BEGIN Material to process
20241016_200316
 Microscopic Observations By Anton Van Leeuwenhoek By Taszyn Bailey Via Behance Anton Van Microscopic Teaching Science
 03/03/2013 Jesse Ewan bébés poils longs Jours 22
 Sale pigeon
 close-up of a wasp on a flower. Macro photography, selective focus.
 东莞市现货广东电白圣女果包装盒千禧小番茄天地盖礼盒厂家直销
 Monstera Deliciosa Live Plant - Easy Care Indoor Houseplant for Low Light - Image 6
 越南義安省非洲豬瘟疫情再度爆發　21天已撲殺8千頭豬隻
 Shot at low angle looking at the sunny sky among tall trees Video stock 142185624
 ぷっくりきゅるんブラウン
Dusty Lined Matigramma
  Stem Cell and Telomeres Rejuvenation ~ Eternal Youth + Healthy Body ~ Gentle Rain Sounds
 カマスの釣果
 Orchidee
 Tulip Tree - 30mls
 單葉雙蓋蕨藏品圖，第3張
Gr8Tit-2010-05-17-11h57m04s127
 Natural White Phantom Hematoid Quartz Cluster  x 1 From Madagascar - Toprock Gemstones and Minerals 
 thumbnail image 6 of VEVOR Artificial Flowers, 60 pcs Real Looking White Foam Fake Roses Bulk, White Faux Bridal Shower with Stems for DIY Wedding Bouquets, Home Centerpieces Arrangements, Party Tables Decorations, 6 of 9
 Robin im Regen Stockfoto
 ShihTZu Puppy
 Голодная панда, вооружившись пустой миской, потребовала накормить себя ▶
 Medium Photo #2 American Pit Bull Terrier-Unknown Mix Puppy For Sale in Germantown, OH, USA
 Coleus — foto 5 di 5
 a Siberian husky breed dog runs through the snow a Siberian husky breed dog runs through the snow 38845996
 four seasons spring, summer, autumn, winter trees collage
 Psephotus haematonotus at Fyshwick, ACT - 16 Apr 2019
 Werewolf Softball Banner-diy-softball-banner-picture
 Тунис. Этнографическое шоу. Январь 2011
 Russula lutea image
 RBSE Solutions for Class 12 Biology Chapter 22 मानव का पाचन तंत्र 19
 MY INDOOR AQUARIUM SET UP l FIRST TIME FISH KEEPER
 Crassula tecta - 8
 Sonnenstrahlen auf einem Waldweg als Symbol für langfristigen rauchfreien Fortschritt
END Material to process
## Work item
Looking at the data above, return every line from the one with "Gr8Tit-2010-05-17-11h57m04s127" down to the one with "thumbnail image 6", exactly and inclusively.

## Solution
Gr8Tit-2010-05-17-11h57m04s127
 Natural White Phantom Hematoid Quartz Cluster  x 1 From Madagascar - Toprock Gemstones and Minerals 
 thumbnail image 6 of VEVOR Artificial Flowers, 60 pcs Real Looking White Foam Fake Roses Bulk, White Faux Bridal Shower with Stems for DIY Wedding Bouquets, Home Centerpieces Arrangements, Party Tables Decorations, 6 of 9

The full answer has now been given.